Yesterday, I mentioned that Son was growing up, catch up here. That he was outgrowing his toddler bed, a.k.a. the crib with the mattress lowered and one of the rails removed. I had to come up with a new plan, and fast. Since Son’s room is only 10′ x 10′, I knew that a king-size bed was out of the question, not to mention that I don’t even have a bed that big. And while I knew that a twin size bed would be perfect, I wanted to keep my options open in case we ever decide to expand our brood. A 10′ x 10′ room isn’t big enough for two dressers, and two twin size beds, plus room to play. I was going to have to think outside of the box, and you know what I always say. If you don’t have the floor space, then use the walls. This worked great in my pantry, so why not in Son’s room, too? After an hour of measuring and designing, I came up with this…
My thought was, with the bed lofted, Son would have room to play below, and in the event that we have another child, I can place the crib, and eventually the bed, perpendicular, but still under the lofted platform. There will also be room for a desk, and whatever else Son my need. If we never have another child, I’m sure he could put a couch down there.

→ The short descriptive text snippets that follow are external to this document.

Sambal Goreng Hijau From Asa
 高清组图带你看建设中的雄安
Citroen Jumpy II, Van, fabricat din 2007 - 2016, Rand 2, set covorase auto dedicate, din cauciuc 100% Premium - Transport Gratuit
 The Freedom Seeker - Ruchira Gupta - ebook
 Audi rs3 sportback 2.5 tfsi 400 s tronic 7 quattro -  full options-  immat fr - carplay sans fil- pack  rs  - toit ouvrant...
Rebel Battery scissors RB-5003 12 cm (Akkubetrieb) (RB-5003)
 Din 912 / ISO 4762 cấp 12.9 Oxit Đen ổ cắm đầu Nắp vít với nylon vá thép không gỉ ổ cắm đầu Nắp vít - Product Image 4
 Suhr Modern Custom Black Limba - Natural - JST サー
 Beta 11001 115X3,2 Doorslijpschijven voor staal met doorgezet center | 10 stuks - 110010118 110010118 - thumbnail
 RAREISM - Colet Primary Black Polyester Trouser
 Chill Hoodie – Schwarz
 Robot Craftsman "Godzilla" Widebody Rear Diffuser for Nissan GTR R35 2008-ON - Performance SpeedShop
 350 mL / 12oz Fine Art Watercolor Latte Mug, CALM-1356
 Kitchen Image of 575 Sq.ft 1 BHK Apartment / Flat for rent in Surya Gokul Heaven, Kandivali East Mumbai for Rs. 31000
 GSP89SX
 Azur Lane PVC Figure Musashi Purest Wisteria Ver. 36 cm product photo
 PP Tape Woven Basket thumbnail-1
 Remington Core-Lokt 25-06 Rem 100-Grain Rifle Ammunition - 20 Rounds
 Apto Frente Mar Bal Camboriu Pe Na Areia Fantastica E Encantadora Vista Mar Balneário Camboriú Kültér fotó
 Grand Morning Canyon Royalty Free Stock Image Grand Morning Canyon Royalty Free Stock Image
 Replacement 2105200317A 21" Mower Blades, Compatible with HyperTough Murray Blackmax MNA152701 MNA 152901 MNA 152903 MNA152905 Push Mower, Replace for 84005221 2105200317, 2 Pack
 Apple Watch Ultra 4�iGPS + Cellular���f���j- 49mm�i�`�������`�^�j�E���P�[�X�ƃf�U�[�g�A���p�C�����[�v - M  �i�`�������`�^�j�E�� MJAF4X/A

Now sure, we could do all those things with a store-bought loft bed, but you see that white box ontop of the platform? That’s what the twin-sized mattress sits in. A bought loft bed would leave a mere 4 feet or so between the end of the bed and the wall. That’s not much space for anything, and whatever you did put there would feel crowded. Plus, store-bought beds go much higher than our piddly 4′-6″. Sure, this leaves more room underneath, but allows only a foot or two between the mattress and ceiling. That’s never comfortable; not for sleeper, and not for the parents of the sleeper who have to rush in, half asleep when there’s a problem.
So by mounting the bed to the walls, we could choose our own height and make use of the left over 4 feet that a store-bought loft would’ve given us. My house is small, and so I have to be smart about how I use my space. I decided to place corner shelves at the top of the platform, just behind the ladder. While Son is young, these will be book shelves, and the landing can be his own little reading nook. To make this area comfortable for him, I chose to carpet it. Lofting his bed also allowed me to keep his toy box, and our reading chair relatively in place.
As great as all those bonuses sound, I’m sure you’re all wondering, “Well, yeah, but how much did it cost?” You won’t believe me, but I’ll tell you anyway.
We got the cheapest mattress that Ikea sells for $99.00. All the wood and supplies we bought at Home Depot, and paid a mere $178 for them all. I already had my chosen stain on hand, along with the white paint. Ikea, which arguably sells the least expensive, but still solid wood furniture has a loft bed listed for $299.00, and that doesn’t include the mattress. So there. My way was the winning way. Of course, you all should’ve known it would be.